• **Exercise brief**
Each line of the records below needs repeating exactly. Skip the pictures.
%%
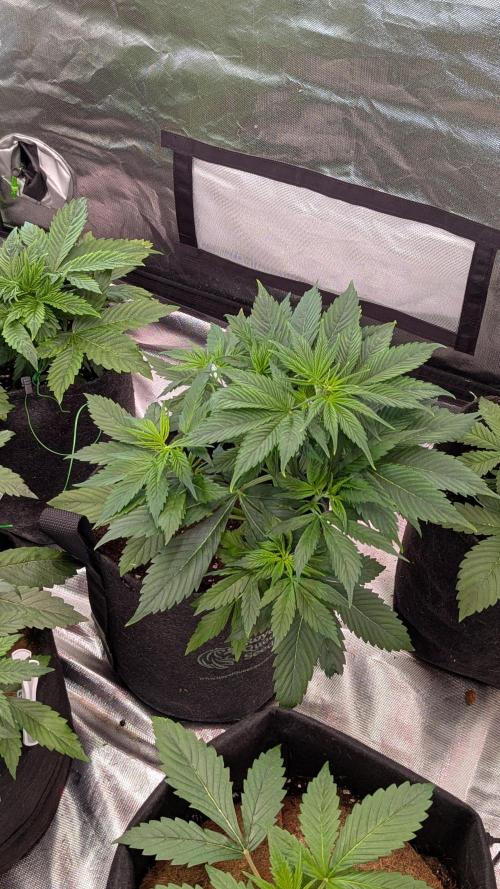 😈🍋Purple Lemonade auto - RQS🦁. Week 3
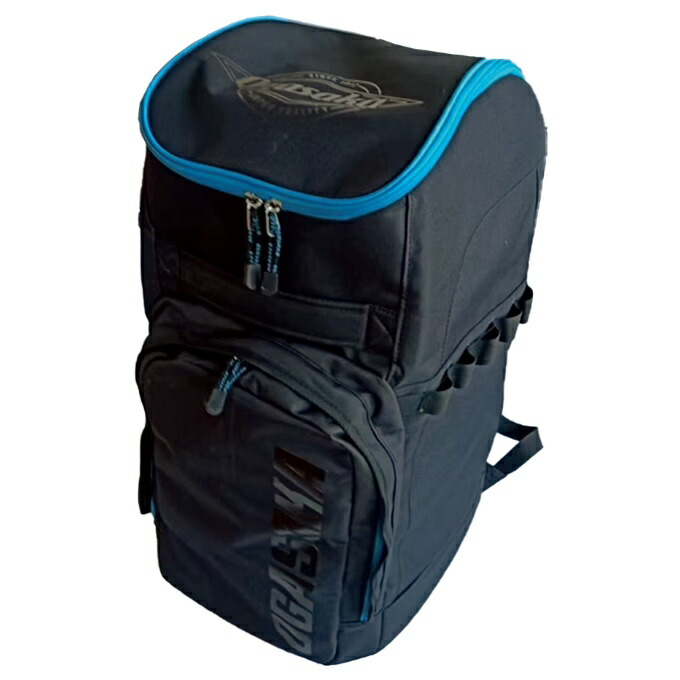 楽天市場】フィッシャー スキー バックパック レース 55L SKI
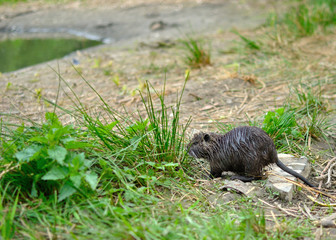 Baby coypu on the land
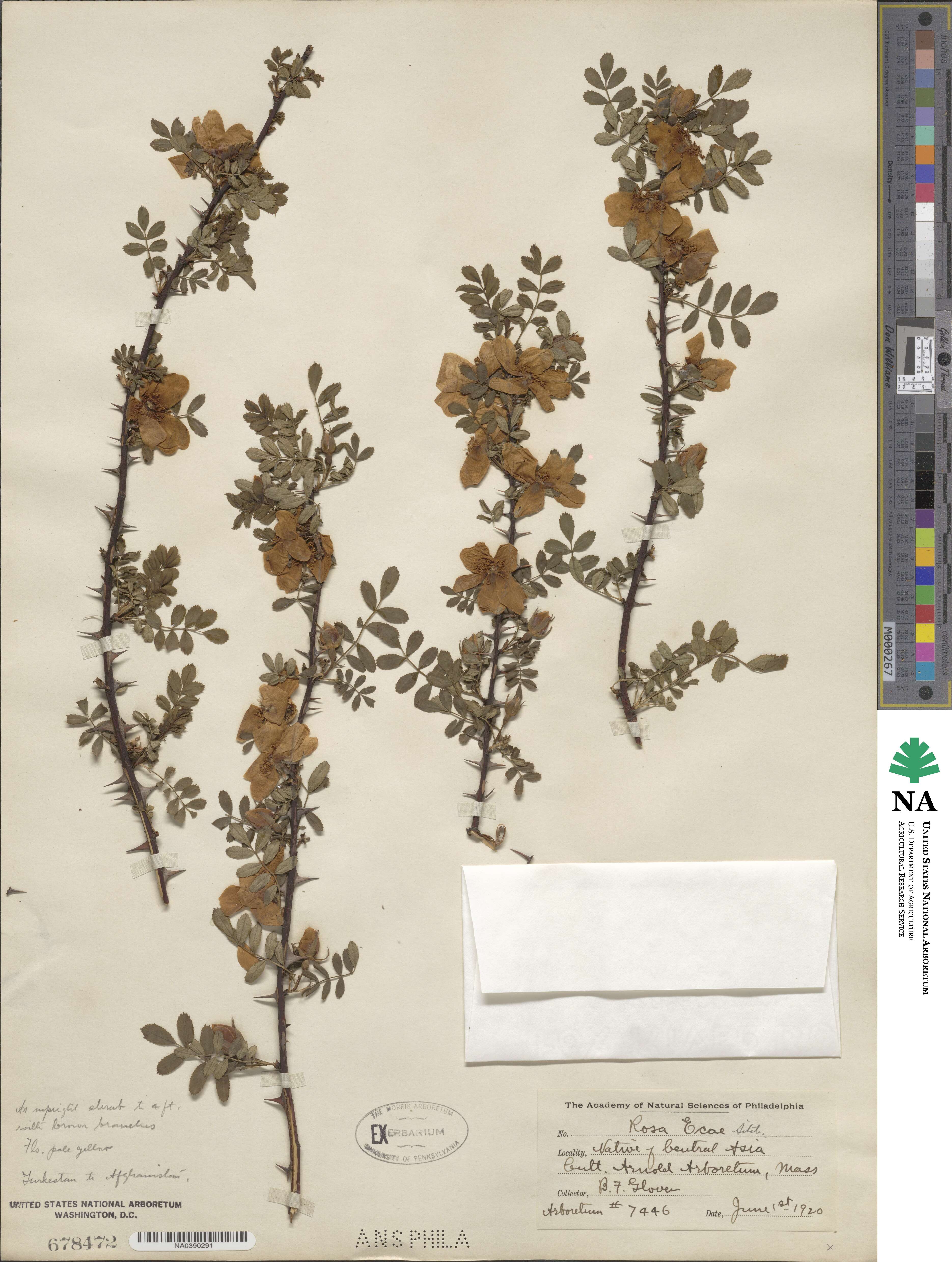 Rosa ecae image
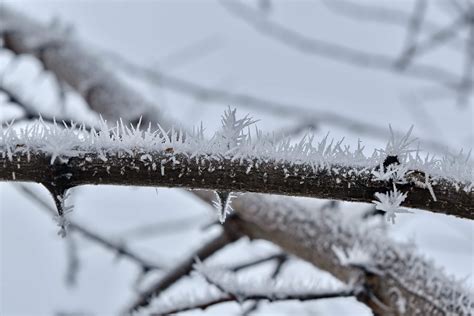 Free Picture Foggy Ice Crystal Snowflakes Snowstorm Twig Frozen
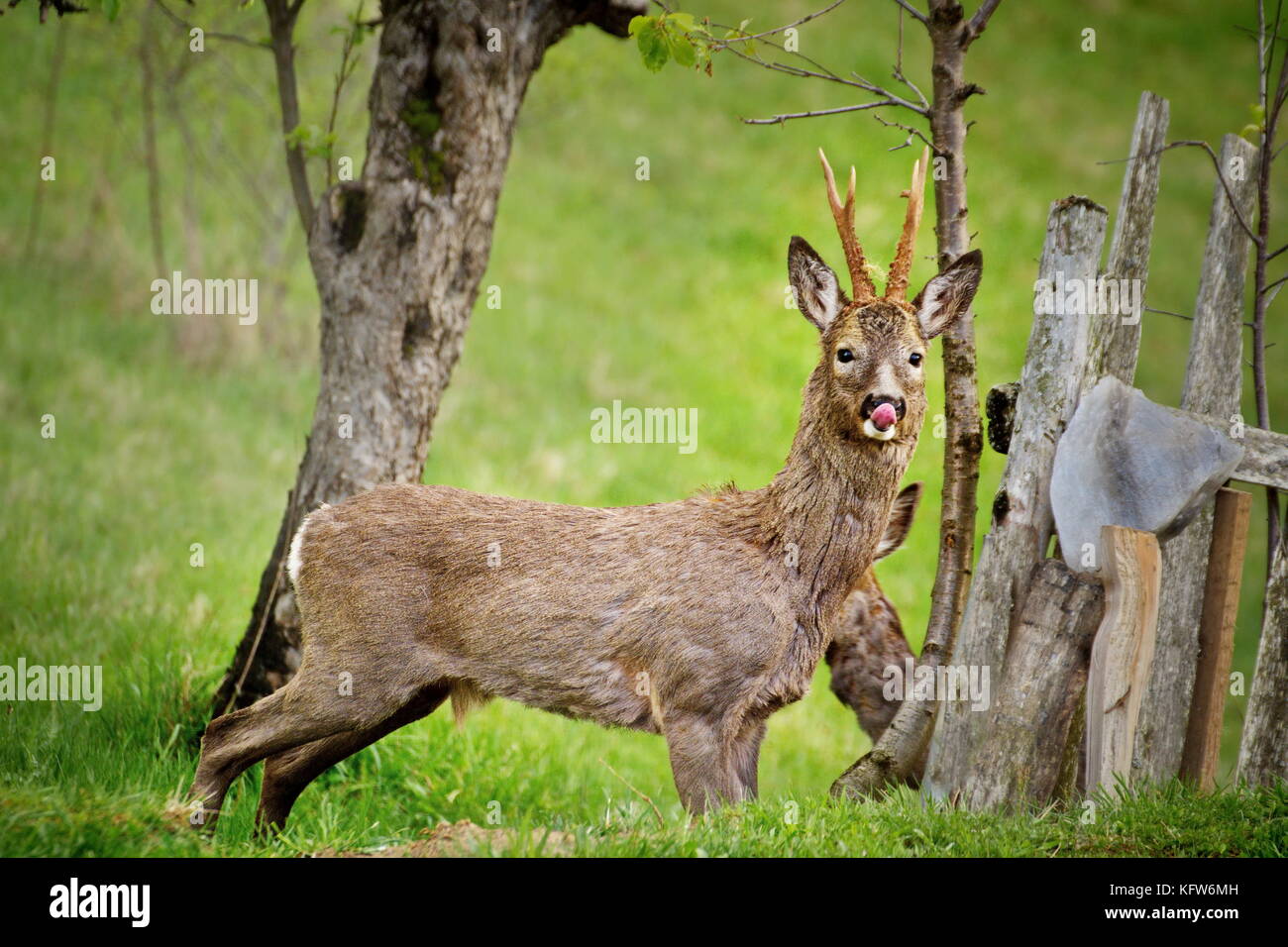 Goat licking salt rock in the grass, deer isolated near salty stone in
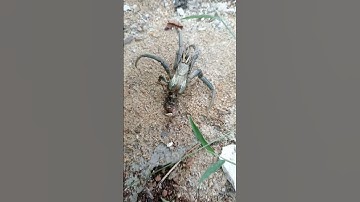 Ốc mượn hồn bỏ vỏ #shorts #snail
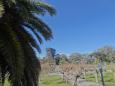 The museu view tour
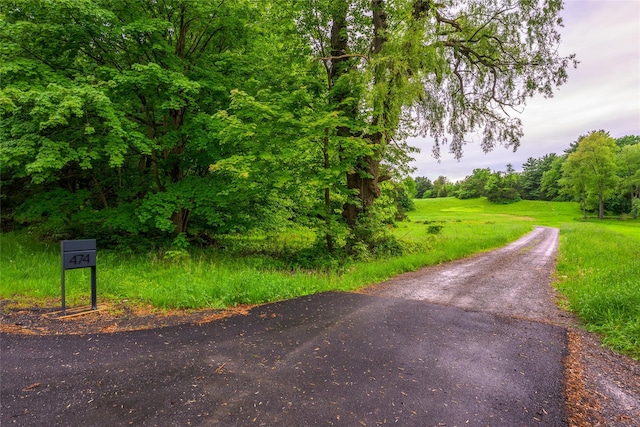 474 Rte 199, Red Hook, NY 12571 - view of road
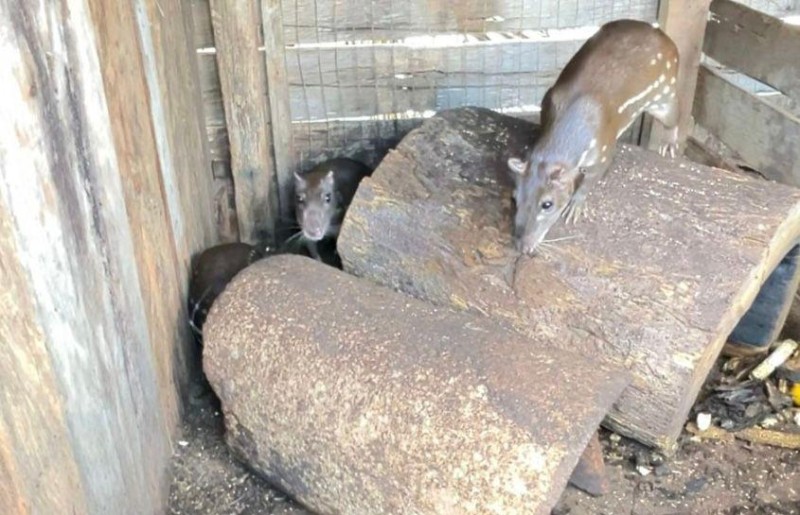 Sema e PM soltam 5 pacas resgatadas em cativeiro em Tabaporã - Foto por: Sema/MT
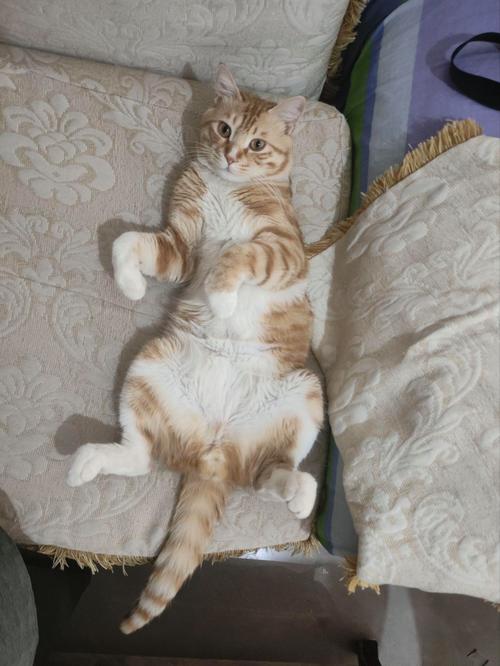 猫咪肚子咕噜咕噜响,猫咪肚子咕噜咕噜响是什么意思-第3张图片-后鲨宠物 猫咪肚子咕噜咕噜响,猫咪肚子咕噜咕噜响是什么意思-第3张图片-后鲨宠物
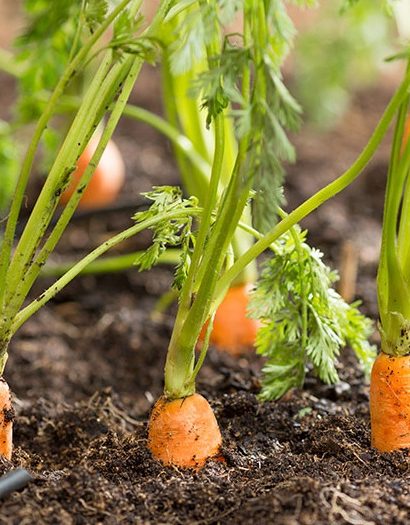 Hortalizas que son fáciles de cultivar en casa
%%
• **Solution to the problem**
 😈🍋Purple Lemonade auto - RQS🦁. Week 3
 楽天市場】フィッシャー スキー バックパック レース 55L SKI
 Baby coypu on the land
 Rosa ecae image
 Free Picture Foggy Ice Crystal Snowflakes Snowstorm Twig Frozen
 Goat licking salt rock in the grass, deer isolated near salty stone in
 Ốc mượn hồn bỏ vỏ #shorts #snail
 The museu view tour
 474 Rte 199, Red Hook, NY 12571 - view of road
 Sema e PM soltam 5 pacas resgatadas em cativeiro em Tabaporã - Foto por: Sema/MT
 猫咪肚子咕噜咕噜响,猫咪肚子咕噜咕噜响是什么意思-第3张图片-后鲨宠物 猫咪肚子咕噜咕噜响,猫咪肚子咕噜咕噜响是什么意思-第3张图片-后鲨宠物
 Hortalizas que son fáciles de cultivar en casa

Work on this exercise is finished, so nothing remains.